JAPAN | Friday, 11 March 2016 | Views [587]

On Wednesday, I was exposed to several small but very odd things about Japanese culture.

First of all, we were practicing new kanji. One of those kanji was the character for rice, which, for whatever reason, is also the character for America. So if you want to talk about US-Japan relations you say 日米. If you want to talk about South America, you say 南アメリカ or 南米. If you want to talk about the United States, you say アメリカ or 北米, the latter literally meaning North America.

That's right. I'm Japanese, “North America” means “The United States of America.” If you want to refer to the other countries in the same geographic area, you say “North American continent.” And then really all you're doing is lumping Canada together with the US. From Yamaguchi-sensei’s description, it sounded like Mexico joined Cuba and Guatemala as countries that don't really get a continent other than “probably South America.” Turns out that Japan manages to be even more US-centric than the US.

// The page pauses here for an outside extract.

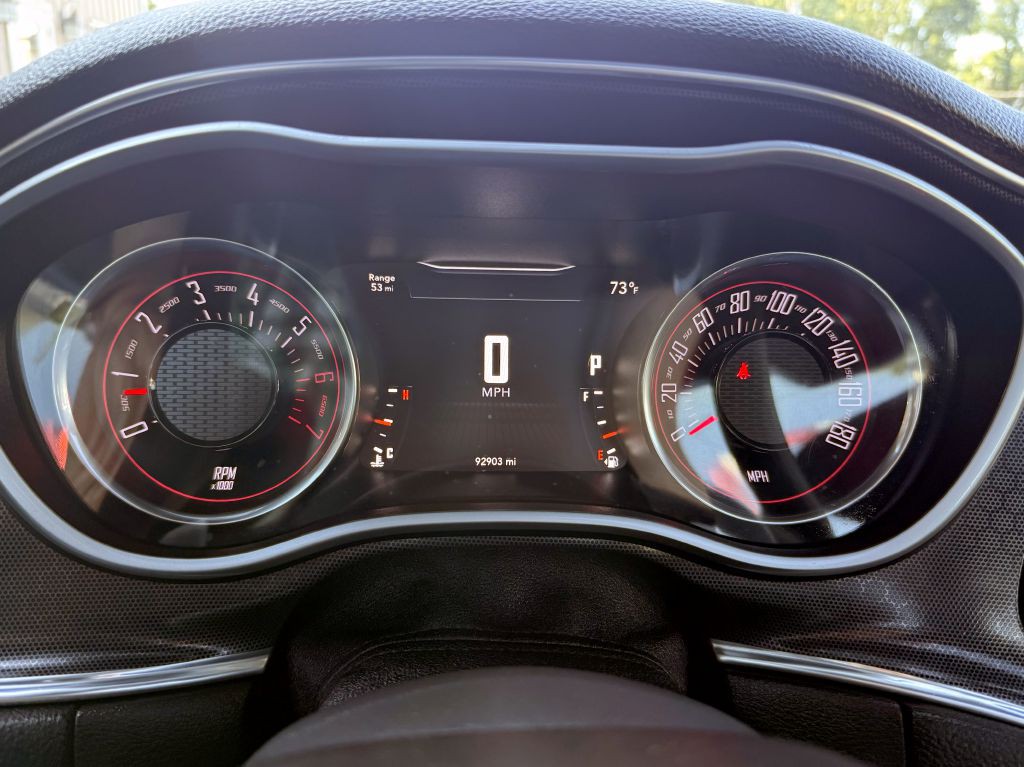 2017 Dodge Challenger Image 18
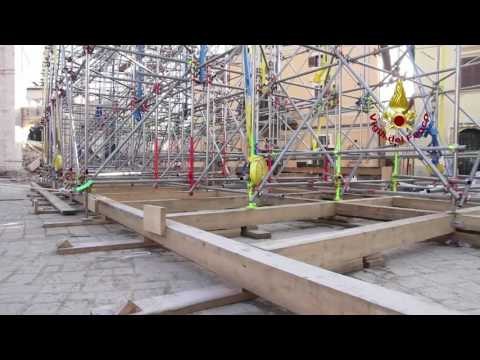 Norcia (PG) - Terremoto, facciata Basilica San Benedetto (23.12.16)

And then we moved on to talking about instant ramen, and further discussion of why America was more than the United States had to be pushed to the side. Instead me moved on to other, way more important topics. Like what flavor foods had.

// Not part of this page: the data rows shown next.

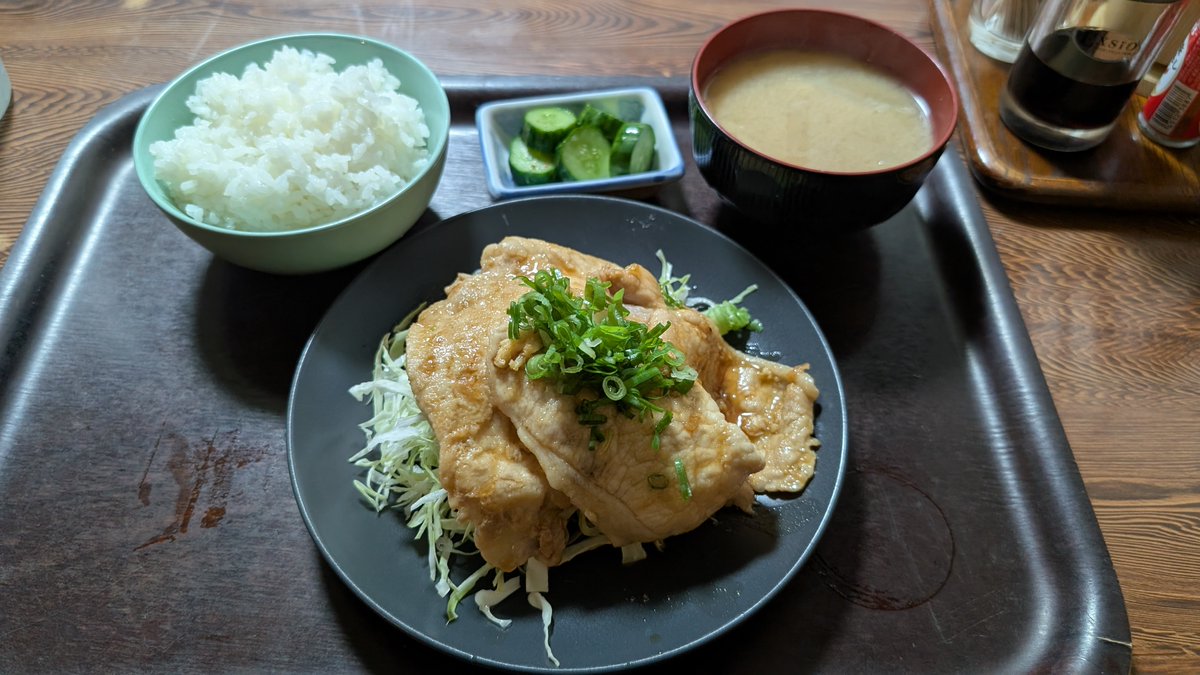 tanacala's tweet photo. ルートイン古河駅前の対面にある、あらが食堂で肉にんにく焼き（880円）その名のとおりニンニク効きまくり。米すすみまくりだったわぃ〜 https://t.co/ZArkDQlgOt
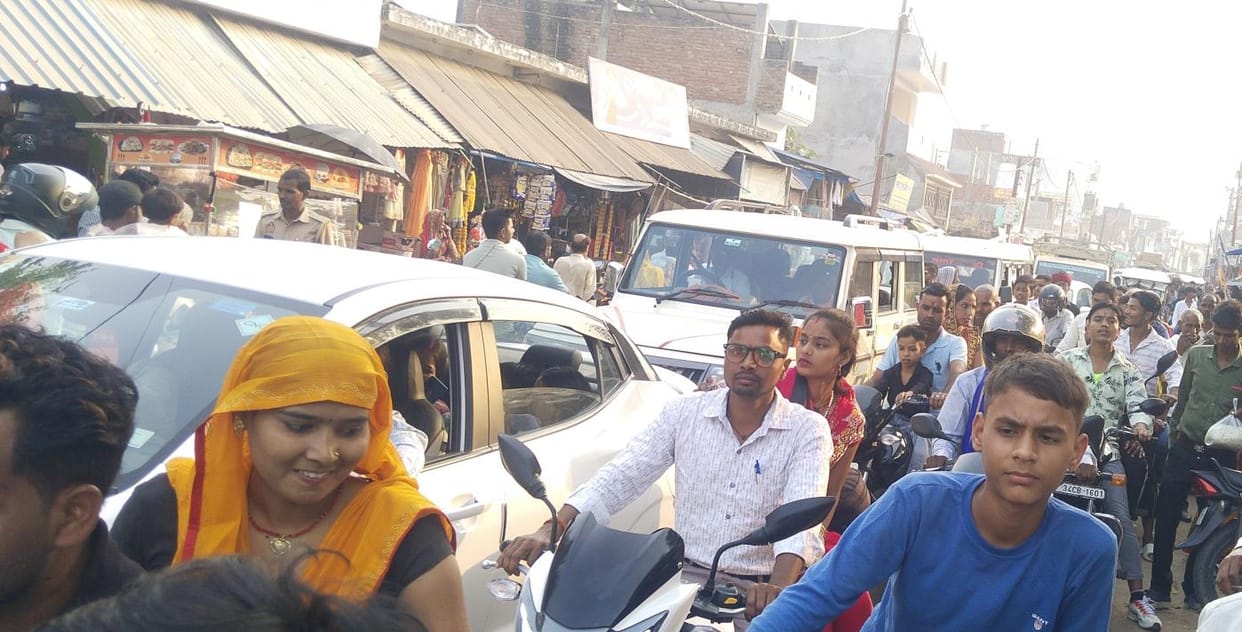 Encroachment caused traffic jam in Machrehta town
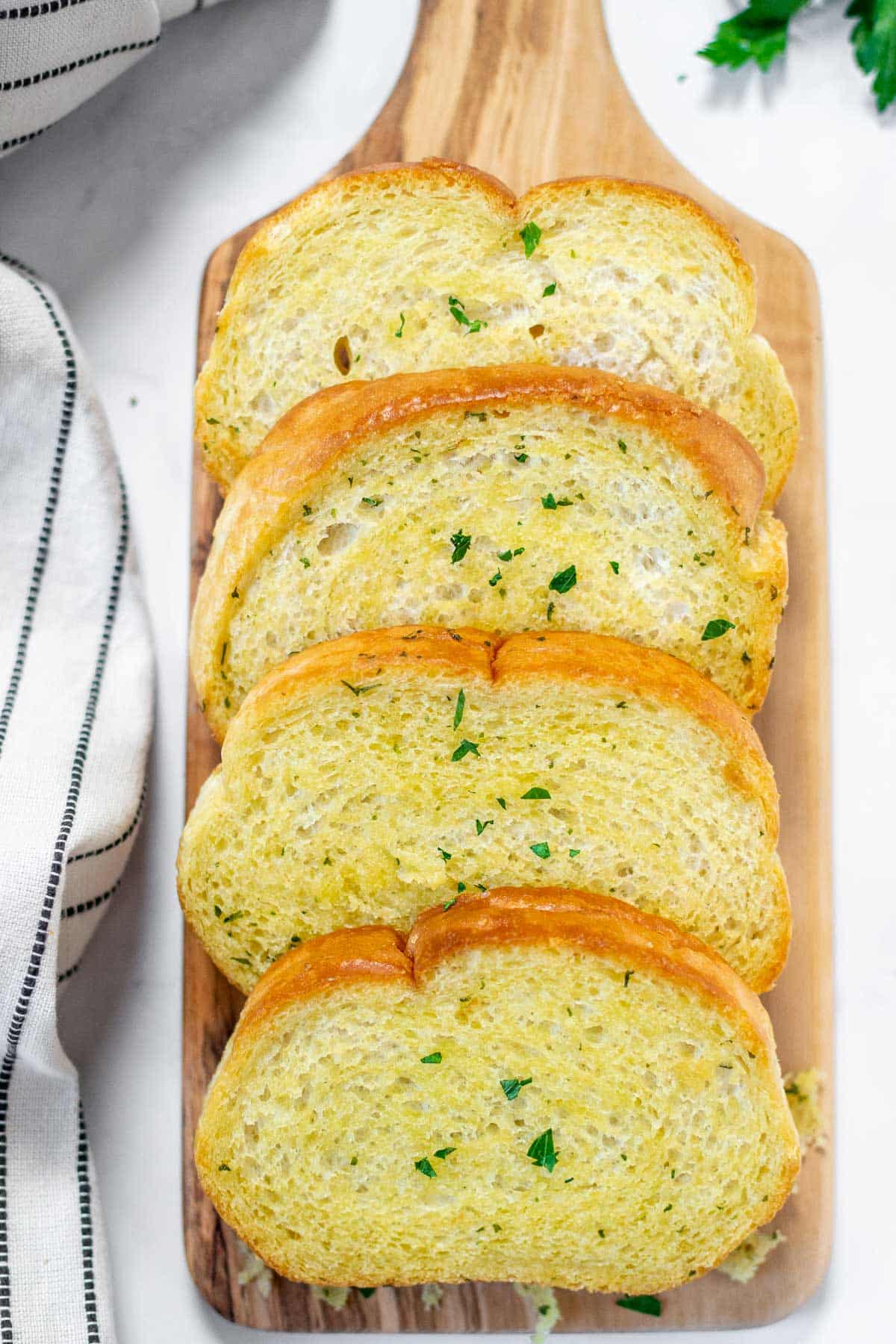 Frozen Garlic Bread in Air Fryer: Perfectly Crispy and Delicious!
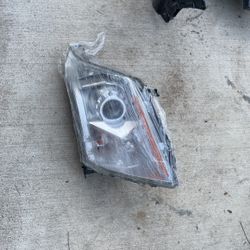 2013 Cadillac SRX Right Headlight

Dan and I had both given the same only arguably right answer to the prompt “name a bitter food.” We both said “coffee” which, although bitter, is not a food. So to try and come up with a better example, I decided to go with chocolate. To specify that it should be bitter, I needed to indicate not just any chocolate, but dark chocolate. Without thinking too hard about it, I called it “kuroi chokoretto,” literally, black chocolate. I think I was probably borrowing that from French, where it’s called chocolat noir.

This was wrong. The proper way to talk about dark chocolate is “da-ku chokoretto,” or possibly “buraku chokoretto.” Point is, you katakanacize everything. OK, fine.

Similarly, it’s not “kuroi ko-hi-,” it’s “buraku ko-hi-.” Again, that makes a reasonable amount of sense, at least as much as chocolate does.

So then if you want to say you like dark beers, you should say “da-ku bi-ru,” right? No. That one is “kuroi bi-ru.”

Chocolate. Coffee. Beer. All foreign words. All using katakana. So, since subtypes are still going to be foreign words, it makes sense if any modifying adjectives are also katakanacized. But that’s clearly not always the case, as the translation for dark beer shows. And if any of those three darker versions of a consumable item I enjoy should break that pattern, it shouldn’t be beer.

You can get black coffee at every other vending machine you find. There are several kinds of dark chocolate sold at any konbini you walk into. For those who missed it, vending machines and konbinis are everywhere in Japan. Dark beer is not. If you walk into a bar with the expectation “they’re a bar. They have to have dark beer. At least a Guinness or something” you are likely to leave very disappointed.

Yamaguchi-sensei was looking at me, clearly wondering what part of “kuroi bi-ru” I didn’t understand.

“Dark beer isn’t common in Japan.”

“You can get it.”

Yes. You can also get matcha-flavored things in the US. Mainly at Asian grocery stores and a few other places,but you can get it. That doesn’t make it common, and it doesn’t explain anything.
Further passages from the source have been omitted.